Former Soviet leader Mikhail Gorbachev, who signed the US-Russia nuclear treaty with Ronald Reagan, has called US President Donald Trump’s plan to quit the deal a mistake.
- Mr Gorbachev says ‘under no circumstances’ should the agreement be abandoned
- Mr Trump’s comments receive mixed reactions from Western allies
- Nuclear experts warn that tearing up the deal should be a last resort
Mr Trump announced on Saturday (local time) that the United States would leave the Intermediate-Range Nuclear Forces Treaty (INF), claiming that Russia had been violating the agreement for many years.
He said Russia had violated terms of the treaty that prohibit the two super powers from possessing, producing or test-flying ground-launched nuclear cruise missiles with a range of 500 to 5,500 kilometres.
Russia has repeatedly denied allegations it has produced and tested such a missile, and Mr Gorbachev was quick to slam Mr Trump for his comments, saying “quitting the INF is a mistake”.
“Under no circumstances should we tear up old disarmament agreements,” Mr Gorbachev was quoted as saying by the Interfax news agency.
“Do they really not understand in Washington what this could lead to?”
Mr Gorbachev’s leadership alongside Mr Reagan in the US helped bring an end to the Cold War and improve the relations between the two military powerhouses.
The treaty helps protect the security of the US and its allies in Europe and the Far East, but has constrained the US from developing new nuclear weapons.
Mr Gorbachev called on “all who cherish the world, especially a world without nuclear weapons” to hit back at Washington’s attempt to “turn back politics”.

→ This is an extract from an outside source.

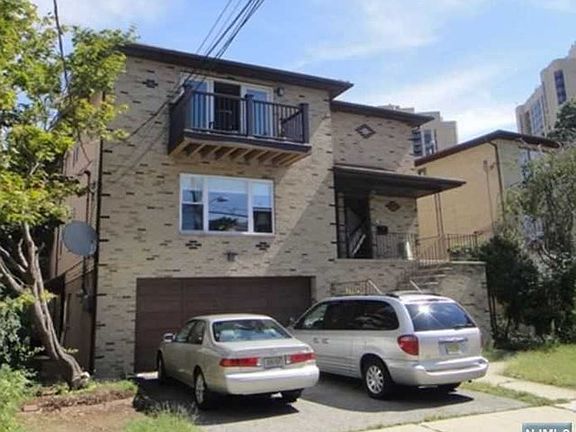 2nd image of 29 Marion Ave #2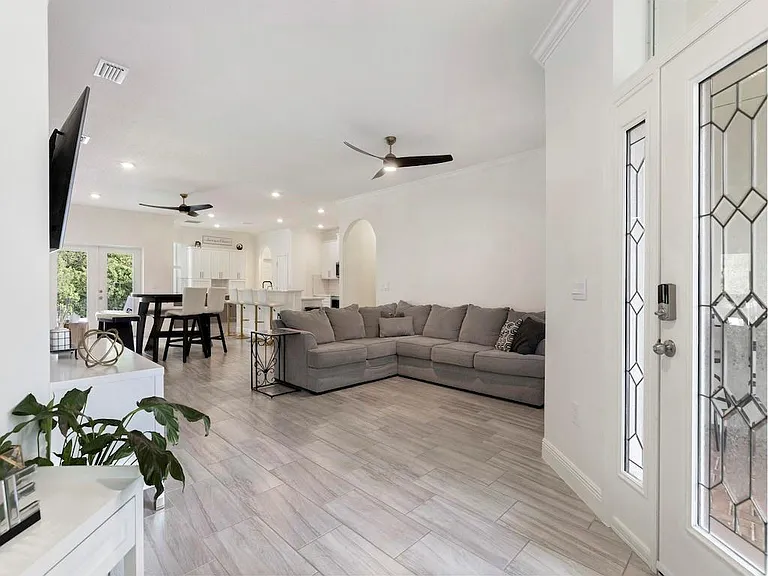6590 Barbados Ct — Photo 17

Russia’s current administration also hit back at the announcement from Mr Trump, with Deputy Foreign Minister Sergei Ryabkov quoted as telling state news agency Tass that leaving the treaty “would be a very dangerous step”.

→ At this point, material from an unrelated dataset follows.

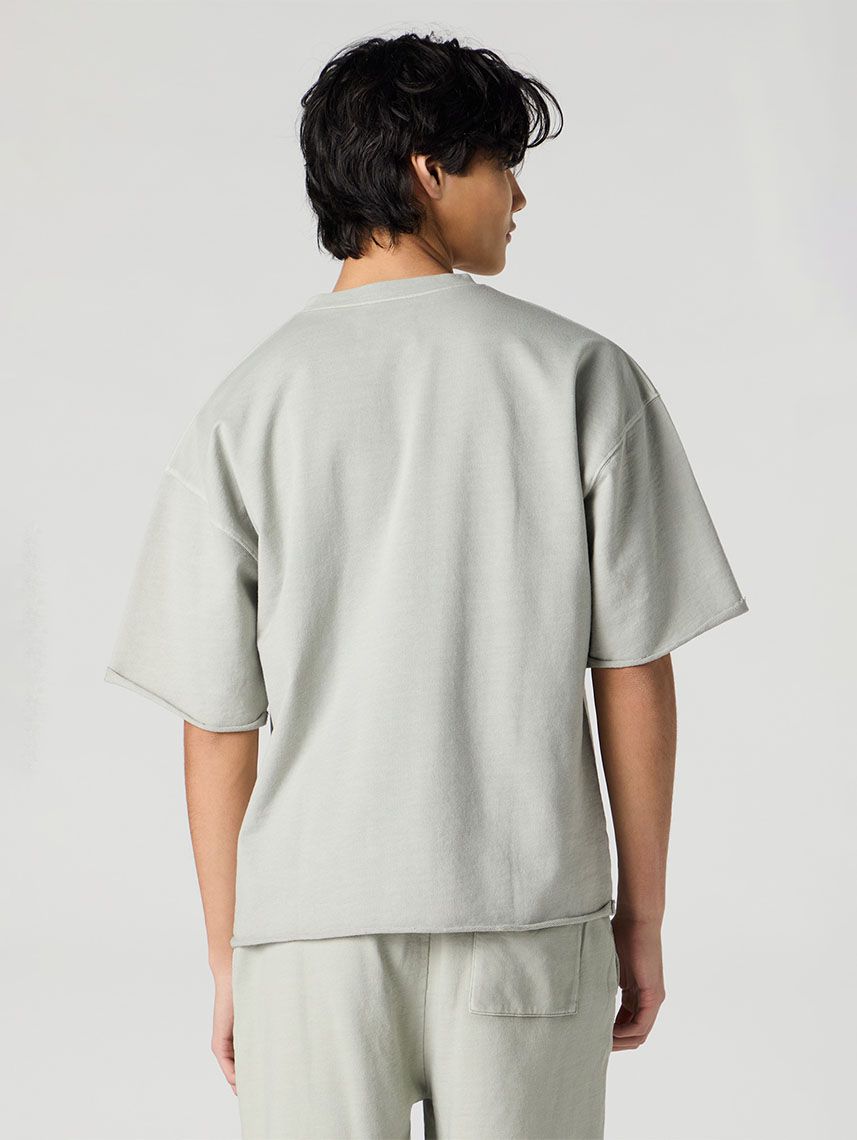 טי-שירט בוקסי שטופה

He said it would “cause the most serious condemnation from all members of the international community who are committed to security and stability”.
Mr Reagan signs the INF treaty with Mr Gorbachev at the White House in 1987. (Reuters: Dennis Paquin)
Konstatin Kosachev, head of the foreign affairs committee in Russia’s upper house of parliament, said on Facebook that a US withdrawal from the treaty would mean “mankind is facing full chaos in the nuclear weapons sphere.”
Mr Trump’s national security advisor John Bolton and Russian President Vladimir Putin are set to meet in Moscow on Tuesday (local time).
Co-founder of the Nobel Prize-winning International Campaign to Abolish Nuclear Weapons group, Tillman Ruff, told the ABC’s News Breakfast program it was vital the two nations exhausted all other options before abandoning the deal.
@NewsBreakfast: This treaty is the only one to eliminate a whole class of nuclear weapons, says @nuclearban co-founder Tilman Ruff
“There have been accusations on both sides, what they haven’t done sufficiently to date is really sit down and try and work those out,” Mr Ruff told News Breakfast.
“It’s really crucial that they discuss and deal with these compliance concerns on both sides and not simply walk away form the agreement before they have exhausted seeking to ensure that it can continue.”
Russia has made accusations against the US concerning their missile defence deployments in Romania, as well as ones planned for Japan, claiming that they violate the terms of the agreement, according to Mr Ruff.
He added that the move from Mr Trump seems to be part of a trend in the current US administration in attempting to remove international constraints on the United States to operate freely in the global sphere, pointing to the decision to leave the Paris climate change agreement and the Iran nuclear deal as examples.
Republicans concerned about Trump’s announcement
The reaction to Mr Trump’s comments from the United States’ major Western allies was mixed.
British Defence Secretary Gavin Williamson said the UK stands “absolutely resolute” with Washington on the issue and called on the Kremlin to “get its house in order”, according to the Financial Times.
German Foreign Minister Heiko Maas said that Mr Trump’s announcement “raises difficult questions for us and Europe,” but noted that Russia hadn’t cleared up allegations of violating the treaty.
US Republican’s also questioned Mr Trump’s announcement, with Senator Rand Paul pointing the finger at Mr Bolton, saying on Fox News that he is likely the one advising Mr Trump to withdraw and “I don’t think he recognises the important achievement of Reagan and Gorbachev on this”.
Fellow Republican, senator Bob Corker also raised concerns that abandoning the deal could lead to the undoing of other important arms treaties, but suggested Mr Trump may just be trying to pressure Mr Putin.
“Maybe this is just a move to say, look … if you don’t straighten up we’re moving out of this,” he told CNN. “And I hope that’s the case.”
The prospect of withdrawing from the INF adds to the substantial tensions between Washington and Moscow, including allegations of Russian meddling in the 2016 presidential election and sanctions imposed over Russia’s involvement in the eastern Ukraine conflict.
On Friday, the US announced criminal charges against a Russian for alleged attempts to influence next month’s mid-term elections.